_THE PROBLEM:_
Span requested from the data below: the line with "Gorgeou High-Neck Lace" through the line with "matching bikini and swim trunks", both included. Give only these lines again, exactly, and leave every picture out.
◇ ◇ ◇ ◇ ◇
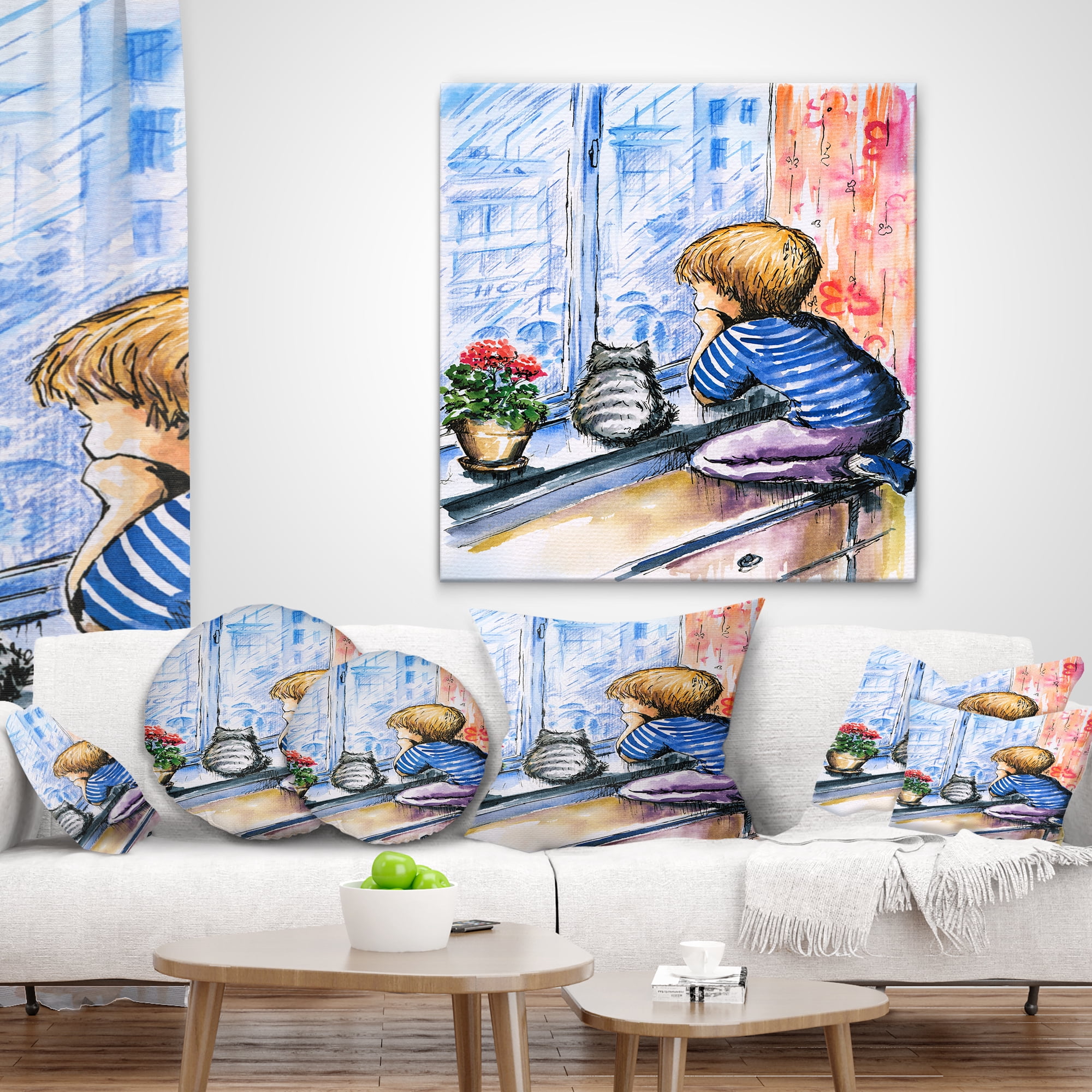 Designart Little Boy and Cat Watching City - Modern Portrait Throw Pillow - 18x18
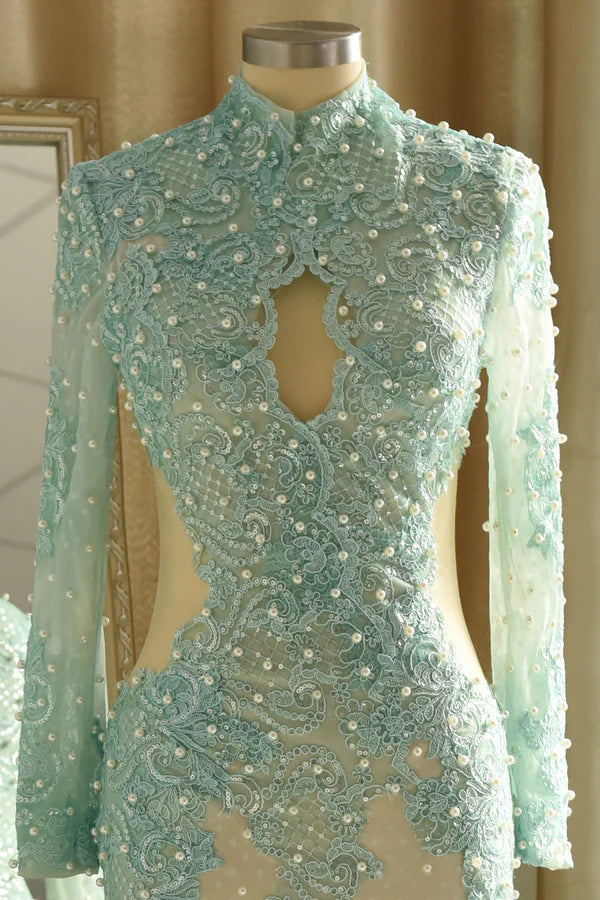 Gorgeou High-Neck Lace Appliques Prom Dresses Long Sleeves Front Slit Evening Gowns with Pearls Simple gentle atmospheric and unique design
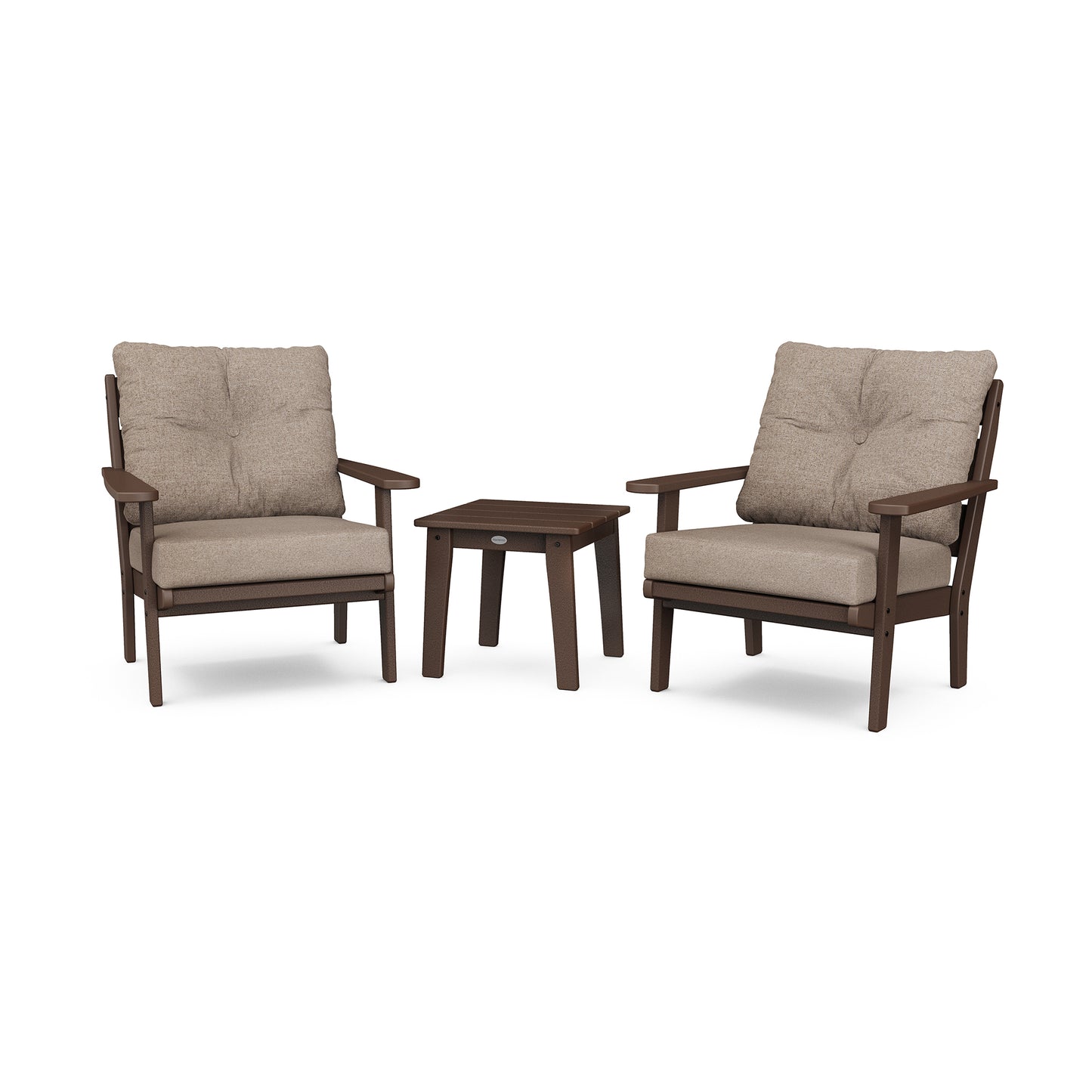 Two brown POLYWOOD Lakeside 3-Piece Deep Seating Chair Sets with beige cushions and a matching small square table set on a plain white background.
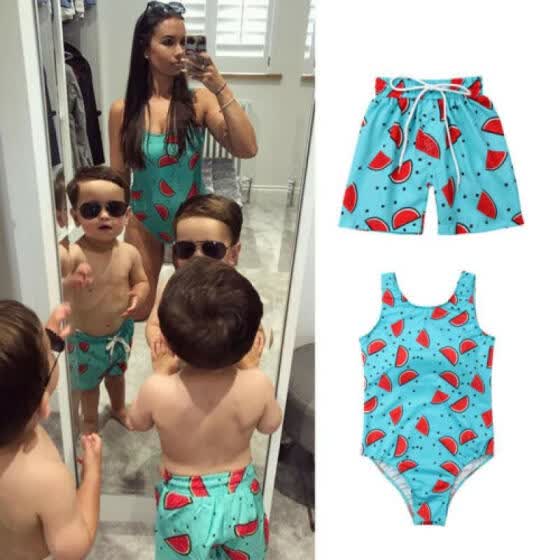 matching bikini and swim trunks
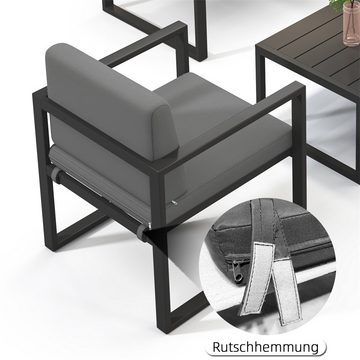 Melko Sitzgruppe Sitzgarnitur Aluminium Gartenset wetterfest Essgruppe Grau Lounge, (Set, 4-tlg., Möbelset bestehend aus 2er Sitzer Sofa, 2 Sessel und Beistelltisch), wasserabweisende Kissen mit Bändern zum Befestigen am Sessel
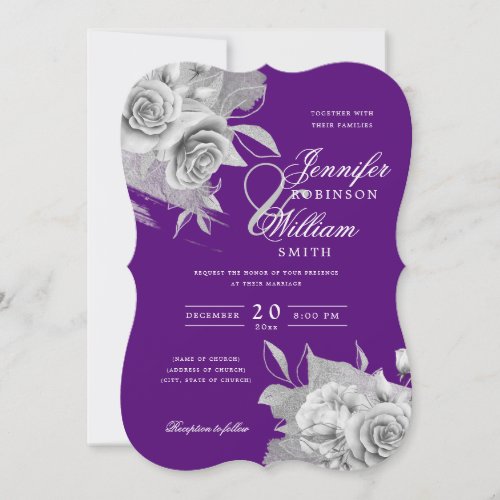 Simple Elegant Wedding Silver Floral  Foil Purple Invitation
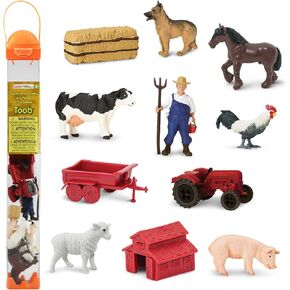 Safari Ltd. Country Farm Toob - تماثيل من البقر ، المزارع ، الراعي الألماني ، Shire Horse ، Rooster ، Trailer ، Tractor ، Pig ، Hay Bale ، Ewe ، Barn - لعبة تعليمية للأولاد ، الفتيات والأطفال الذين تتراوح أعمارهم بين 3+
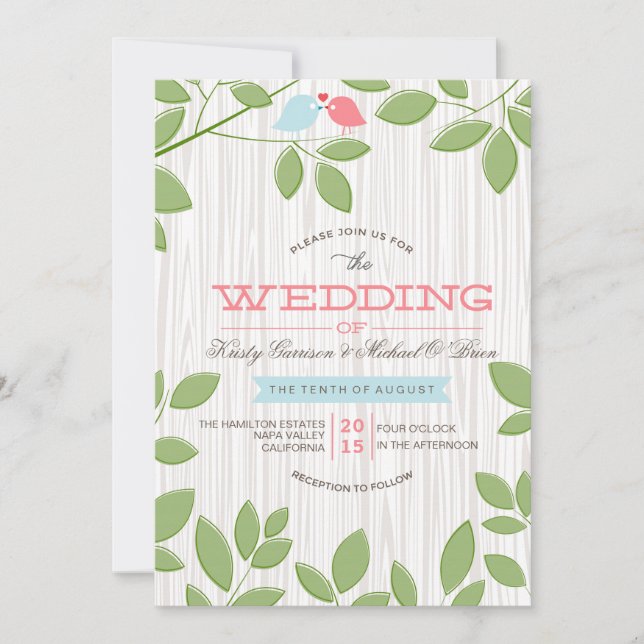 Rodeado por la naturaleza - Invitaciones a la boda (Anverso)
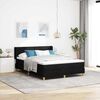 vidaXL Cama Box com colch&atilde;o com cabeceira Preto 190 x 140 cm tecido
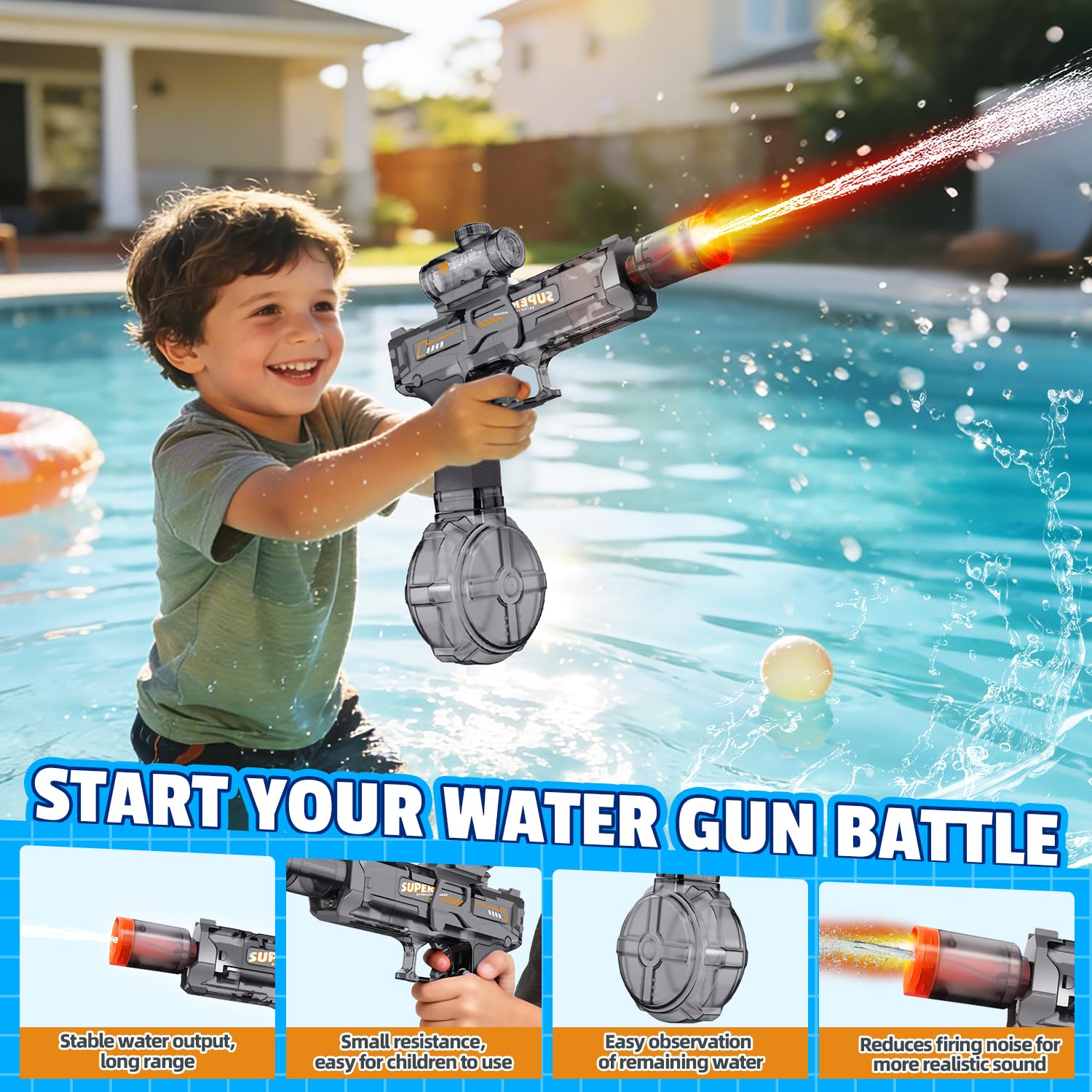 Electric Water Gun for Kids Ad - Water Gun Soaker 评论和价格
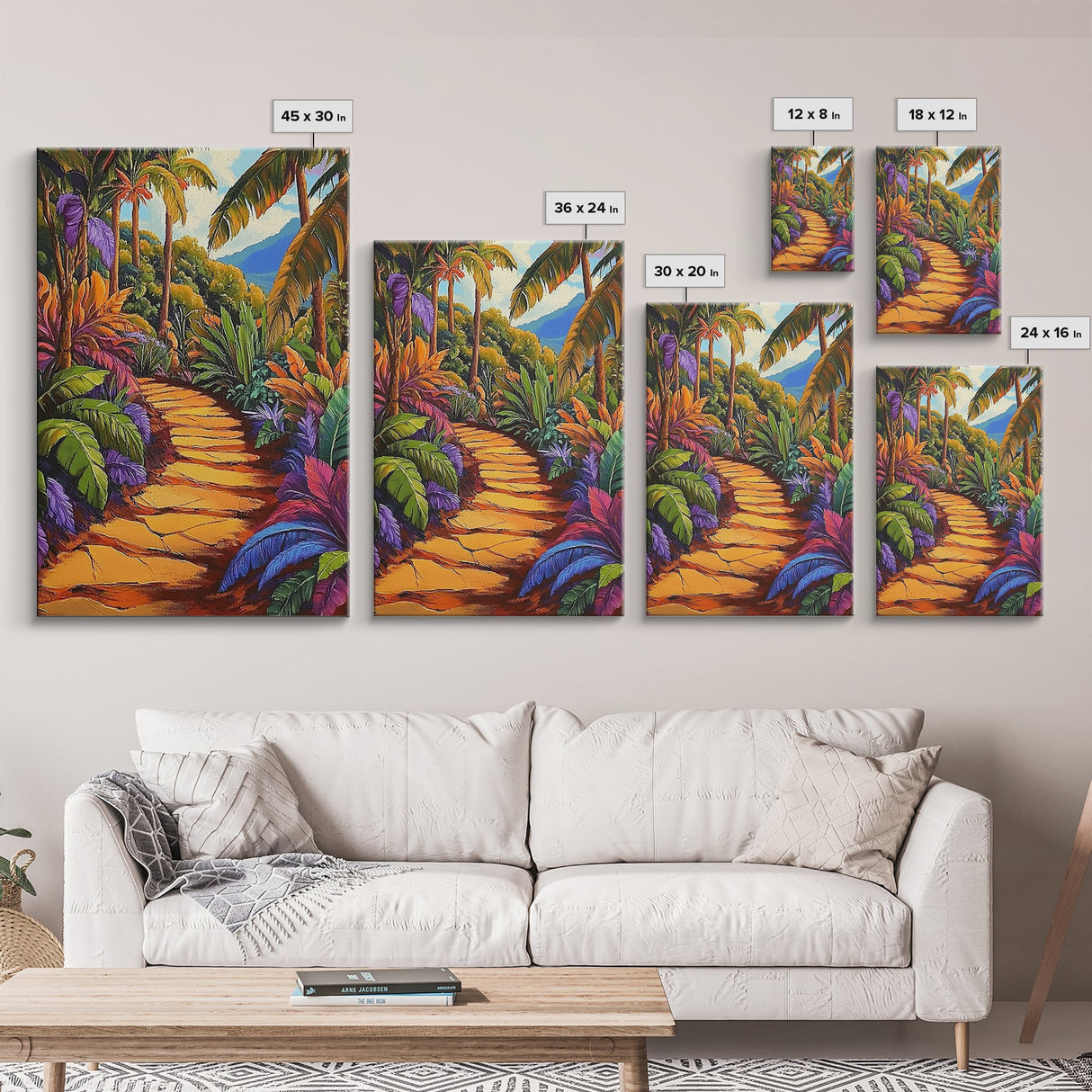 Tropical Trail, Jungle Pathway, Bright Nature Scene, Canvas Print, Boho Living Room Wall Art, Exotic Garden Decor, Colorful Tropical Painting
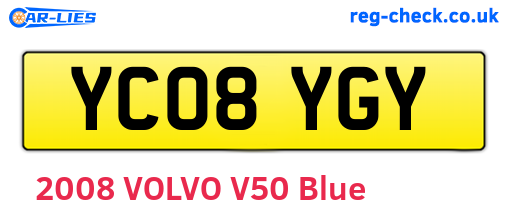YC08YGY are the vehicle registration plates.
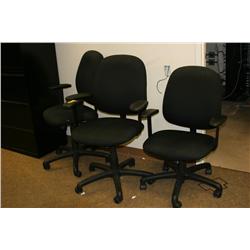 Lot of 3 Black Office Chairs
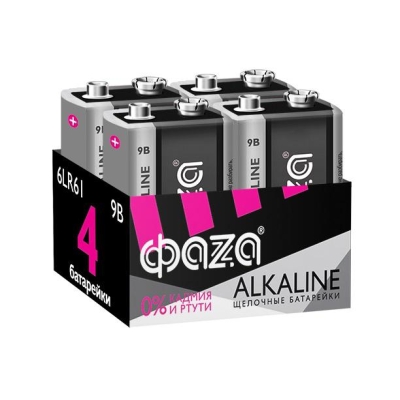 Элемент питания алкалиновый "крона" 6LR61 9В Alkaline Pack-4 (уп.4шт) ФАZА 5030602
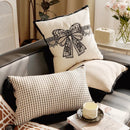 French Retro Waist Cushion Cover 45x45 Bow Embroidery Black and White Striped Throw Pillow Case Living Room Bed Sofa Home Decor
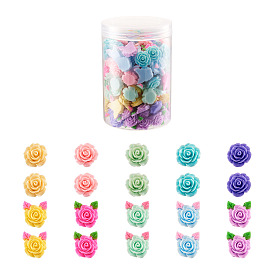 Кабошон из непрозрачной смолы, роза и цветок с листьями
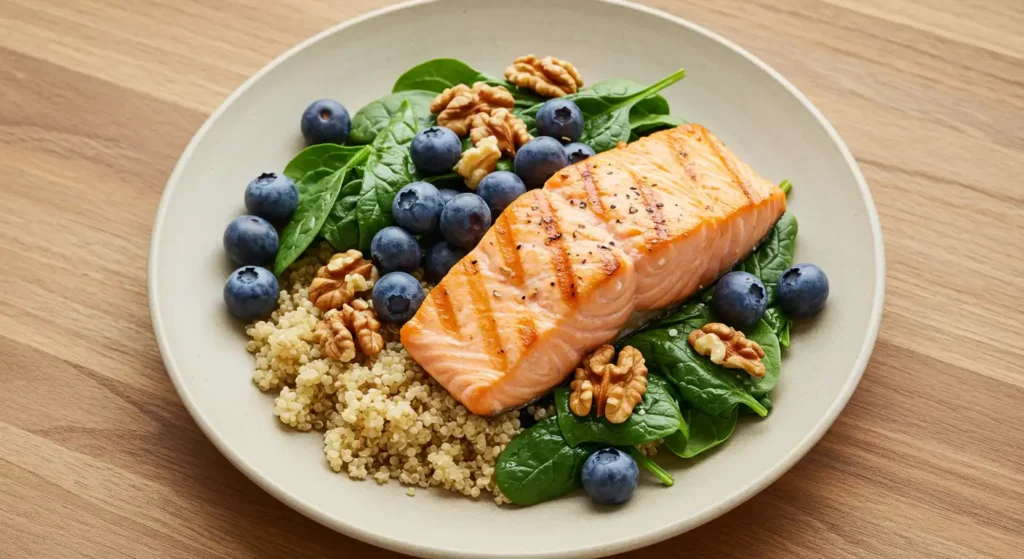 Brain-healthy dish with grilled salmon, leafy greens, blueberries, walnuts and quinoa, ideal for improving memory, focus and brain-healthy habits.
◇ ◇ ◇ ◇ ◇
_WRITTEN RESPONSE:_
 Gorgeou High-Neck Lace Appliques Prom Dresses Long Sleeves Front Slit Evening Gowns with Pearls Simple gentle atmospheric and unique design
 Two brown POLYWOOD Lakeside 3-Piece Deep Seating Chair Sets with beige cushions and a matching small square table set on a plain white background.
 matching bikini and swim trunks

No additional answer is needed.